In this project, we investigate whether machine learning models can reliably distinguish between real and AI-generated face images using a limited dataset of 1800 images. We apply ResNet50 and conduct three phases of training: freezing the base model, full fine-tuning, and regularized partial fine-tuning. Our final model, which unfreezes the top 30 layers and incorporates dropout, L2 regularization, and early stopping, achieves a validation accuracy of 97.5%, performing competitively with existing models trained on significantly larger datasets. We further employ Vision Transformers on our dataset, attaining a perfect classification accuracy of 100%, as evidenced by the results of our confusion matrix analysis. These results demonstrate the viability of using transfer learning for AI-generated image detection even under constrained data settings.

## Introduction

In today's digital age, AI-generated face images have become increasingly realistic and accessible. Synthetic faces are now frequently exploited for malicious purposes, including online scams, fake identities, and the spread of misleading iinformation on social media.

This project addresses the growing concerns about AI-generated faces by applying machine learning methods to systematically distinguish real human faces from AI-generated ones. Solving this problem is crucial for maintaining authenticity in applications such as social platforms, hiring processes, and biometric verification systems. By enhancing our ability to detect AI-generated images, we contribute to protecting individuals’ personal, financial, and even emotional security. Furthermore, this study provides an opportunity to compare the performance of different deep learning architectures, specifically ResNet50 and Vision Transformers. This comparative analysis could offer practical insights into building more robust and generalizable detection systems.

To solve this problem, we first thought of convolutional neural networks (CNNs), ResNet-50, and Vision Transformers (ViT).
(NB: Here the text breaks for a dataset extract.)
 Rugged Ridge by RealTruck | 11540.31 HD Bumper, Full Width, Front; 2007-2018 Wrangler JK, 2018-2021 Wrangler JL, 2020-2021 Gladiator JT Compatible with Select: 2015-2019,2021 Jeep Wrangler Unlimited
While CNNs are well known for their ability to extract local features, we soon realized that they are limited when it comes to modeling complex structures and capturing long-range dependencies. This made them less suitable for our task, which requires not only detecting subtle local details but also understanding the global structure of an image.

Then we decided to focus on comparing ResNet-50 and Vision Transformers. ResNet-50, as shown in previous studies like Keswani (2023), effectively captures fine-grained local features, which could help identify semantic differences between real and generated images. On the other hand, ViT is designed to capture global structure and long-range relationships. According to Malviya et al. (2025), ViT-based models have achieved state-of-the-art performance in detecting AI-generated images, especially from powerful generators such as Stable Diffusion and DALL·E 3.
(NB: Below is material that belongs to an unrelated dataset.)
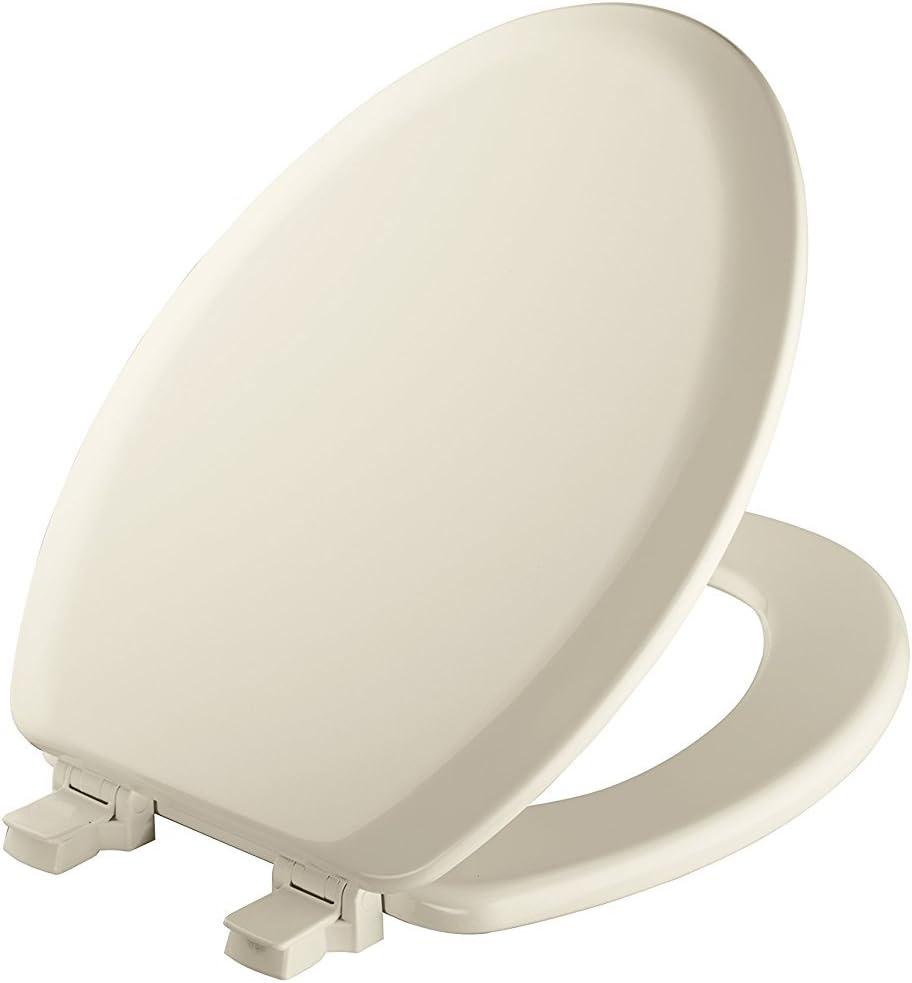 Mayfair Cameron Biscuit Toilet Seat, Non Slip Heavy Duty Wood, Easy Clean, Made in USA, Elongated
In our experiments, both models worked reasonably well. However, Vision Transformers slightly outperformed ResNet-50, likely because they can better capture global context — an important factor in distinguishing AI-generated images that may look realistic locally but unnatural globally.
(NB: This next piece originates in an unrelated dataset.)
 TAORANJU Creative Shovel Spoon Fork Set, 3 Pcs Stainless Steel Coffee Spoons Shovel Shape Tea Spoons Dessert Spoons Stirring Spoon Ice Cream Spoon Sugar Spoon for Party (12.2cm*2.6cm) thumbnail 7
The key components of our approach include dataset preparation, model training, evaluation, and analysis. After running both models separately and comparing their performance, we found that while both have their strengths, ViT showed a marginal advantage. Nevertheless, a limitation of our study is the relatively small sample size, and future work with larger datasets may provide deeper insights.

## Vision Transformer Setup


**Dataset Selection and Preparation:**
We began by selecting the 130k Real vs. Fake Face dataset from Kaggle, which contains a large collection of labeled images, including both real photographs and fake images generated by artificial intelligence models. Due to the constraints of our computational resources, we selected a balanced subset of approximately 1,800 images—consisting of ~900 real and ~900 fake samples. This subset was chosen to maintain a diverse representation of image types while keeping the training process computationally manageable.

**Environment Setup:**
The project environment was configured in Google Colab, leveraging its GPU capabilities to accelerate training. We uploaded the cleaned dataset to Google Drive and ensured that the directory structure matched the requirements of Keras data pipelines. Specifically, separate folders were created for each class (“real” and “fake”), which is critical for Keras’ ImageDataGenerator to automatically label the images during data loading. This step streamlined the data ingestion process and helped avoid manual labeling errors.

**ViT Model Configuration and Parameters:**
For the Vision Transformer model, the parameters we used for the model include:

Batch size — the number of samples processed before the model updates its weights.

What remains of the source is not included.